WHAT THE EXERCISE ASKS ▸ Return each line exactly, from the one that has "SQY2838冬季男士羽绒服" through the end of the entries, both ends included. Pictures do not belong.

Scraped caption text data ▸
Segment Open

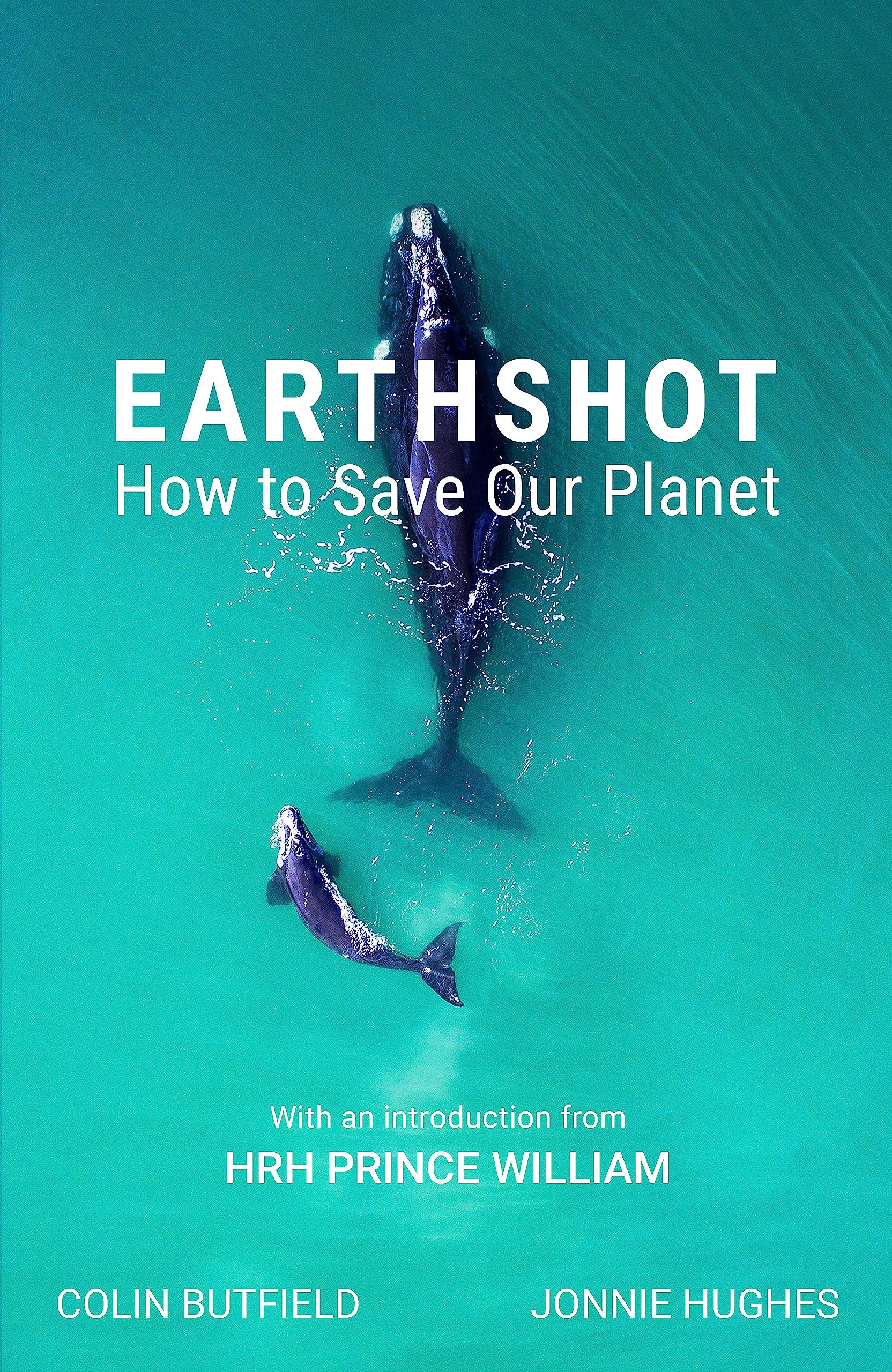 Earthshot: How to Save Our Planet Mathematics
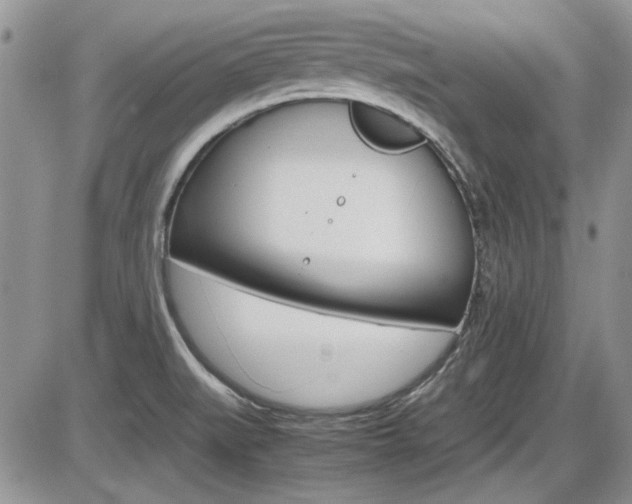 X0000086111519200703231103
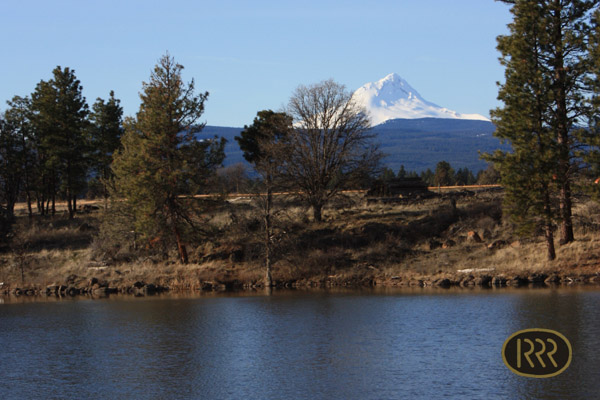 View of Mt. Hood from Mullein Lake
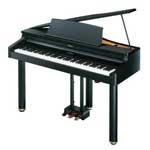 (Roland) RG-1 
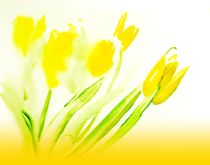 Gelbe Tulpen - Yellow Tulips von Maria-Anna  Ziehr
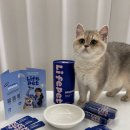 펫라이프 | 고양이 신장&amp;비뇨계에 좋은 라이프펫 유리나리 급여 후기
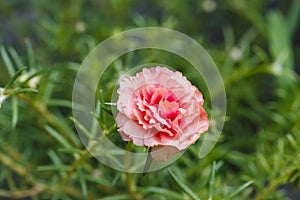 Pink common purslane or portulaca oleracea , verdolaga, red root photo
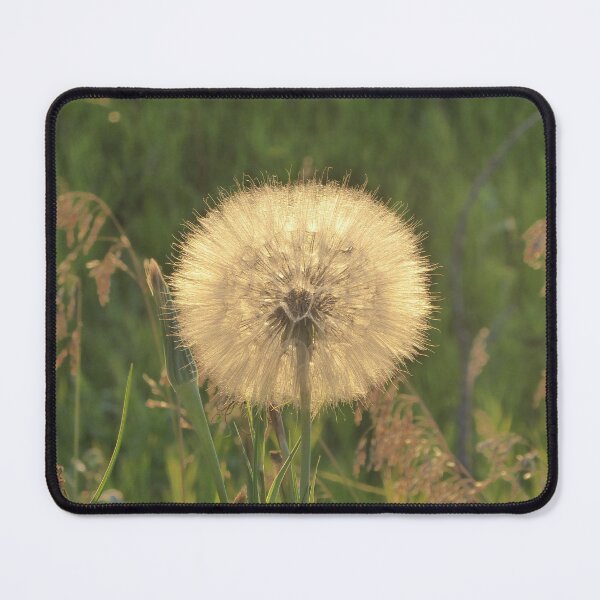 Item preview, Luminous Salsify designed and sold by plains flora.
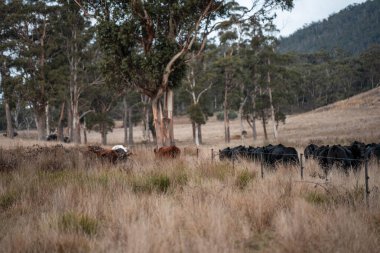 Çayırdaki sığır çiftliği, sürdürülebilir karbon nötr çiftçiliği uygulanıyor. Bir tarlada yenileyici inek yetiştirdi. tarımsal teknoloji yeniliği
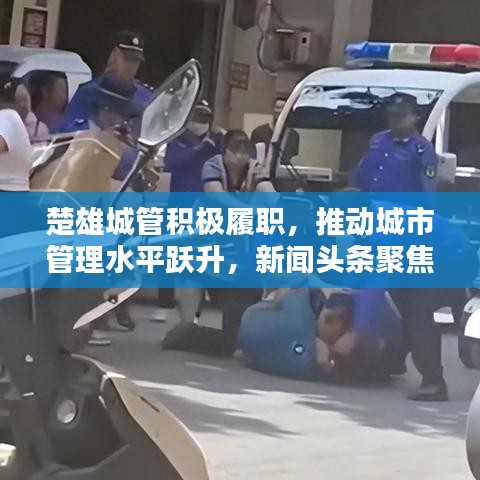 楚雄城管积极履职，推动城市管理水平跃升，新闻头条聚焦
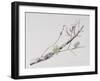 Lichens on Cherry Tree, 2001-Rebecca John-Framed Giclee Print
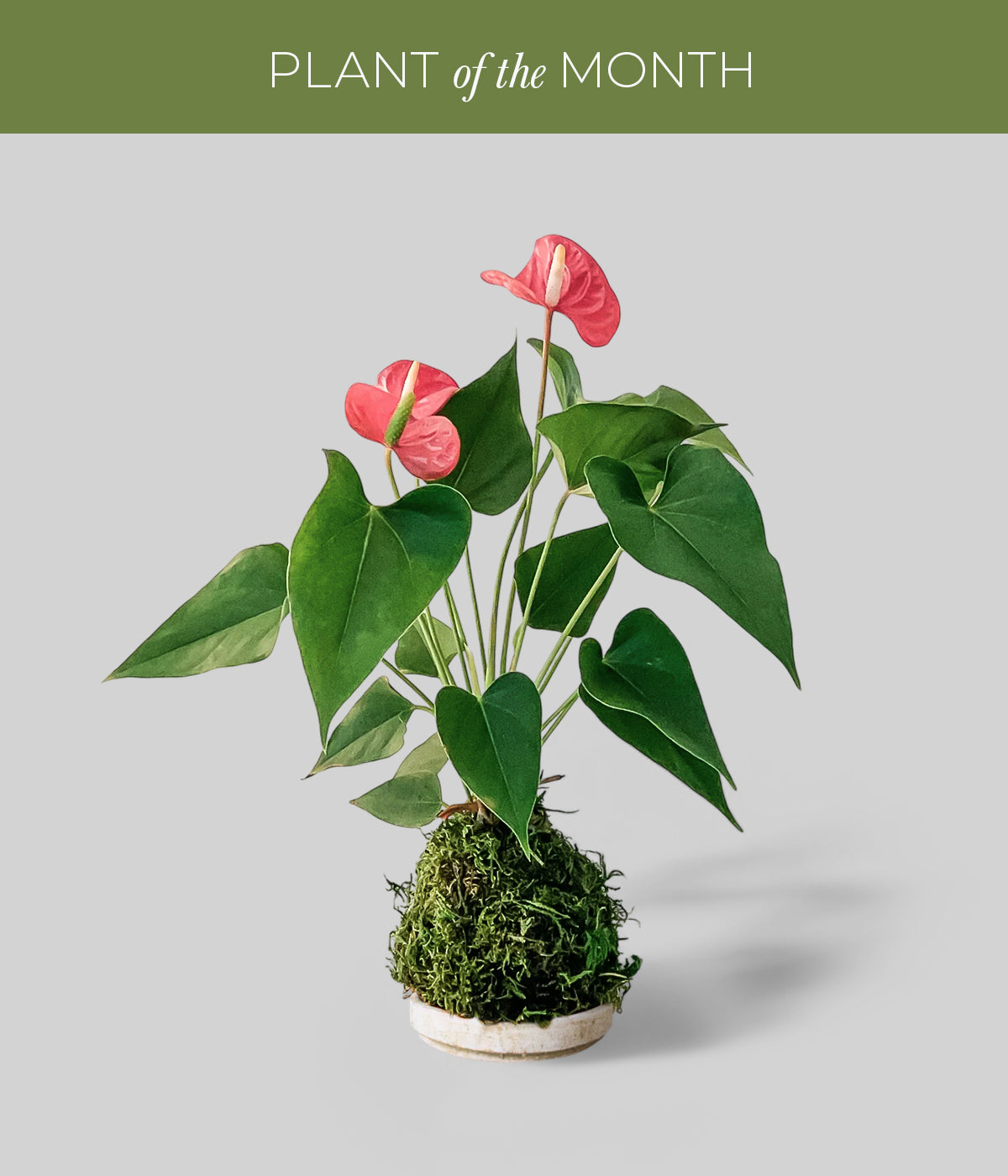 Red Anthurium Kokedama - Thumbnail 4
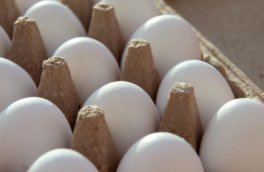 ЕС ввел пошлины на украинские сахар и куриные яйца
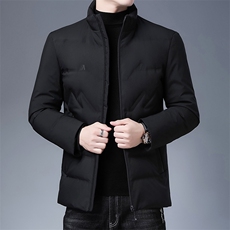 SQY2838冬季男士羽绒服保暖外套修身白鸭绒潮流帅气P216，男装羽绒服，电商B360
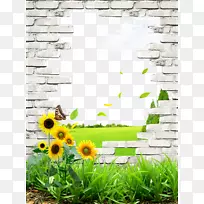 墙海报.墙壁和草坪的新鲜插图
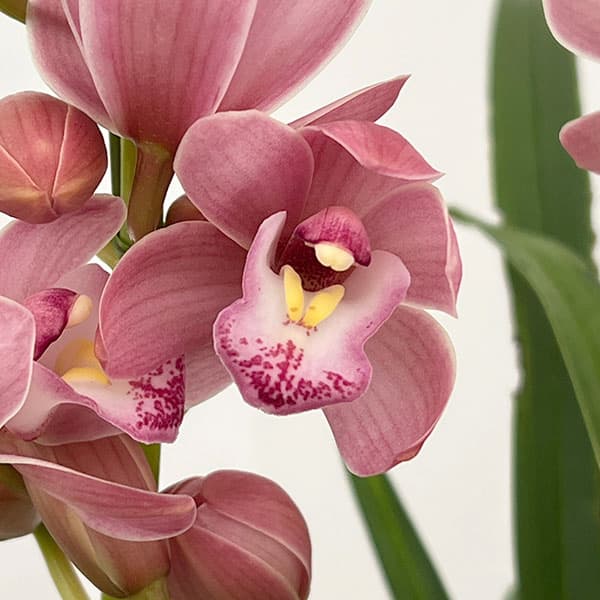 シンビジューム2本のおすすめ人気商品一覧 通販 - Yahoo!ショッピング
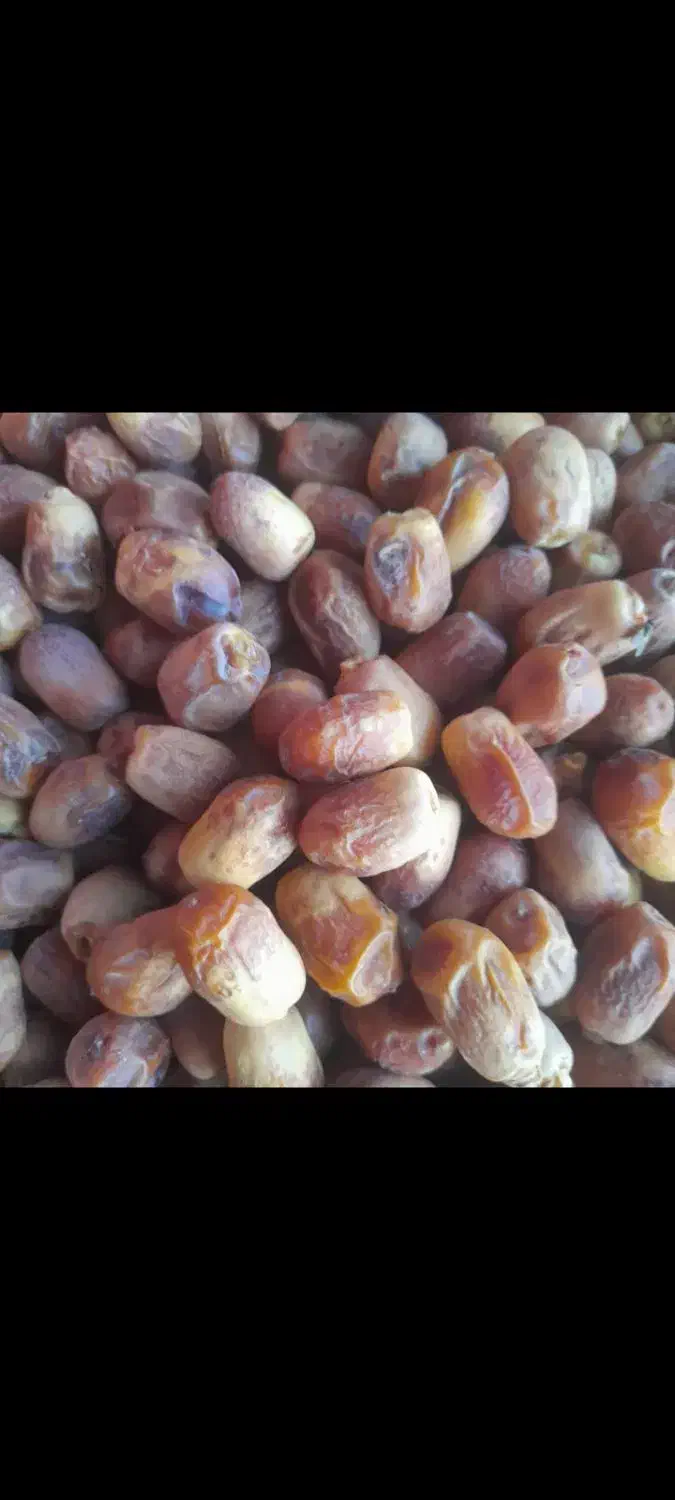 قصب گوشتی وتازه امسال|خوردنی و آشامیدنی|افزر, |دیوار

Segment Closed

RESULT OF THIS TASK ▸
 SQY2838冬季男士羽绒服保暖外套修身白鸭绒潮流帅气P216，男装羽绒服，电商B360
 墙海报.墙壁和草坪的新鲜插图
 シンビジューム2本のおすすめ人気商品一覧 通販 - Yahoo!ショッピング
 قصب گوشتی وتازه امسال|خوردنی و آشامیدنی|افزر, |دیوار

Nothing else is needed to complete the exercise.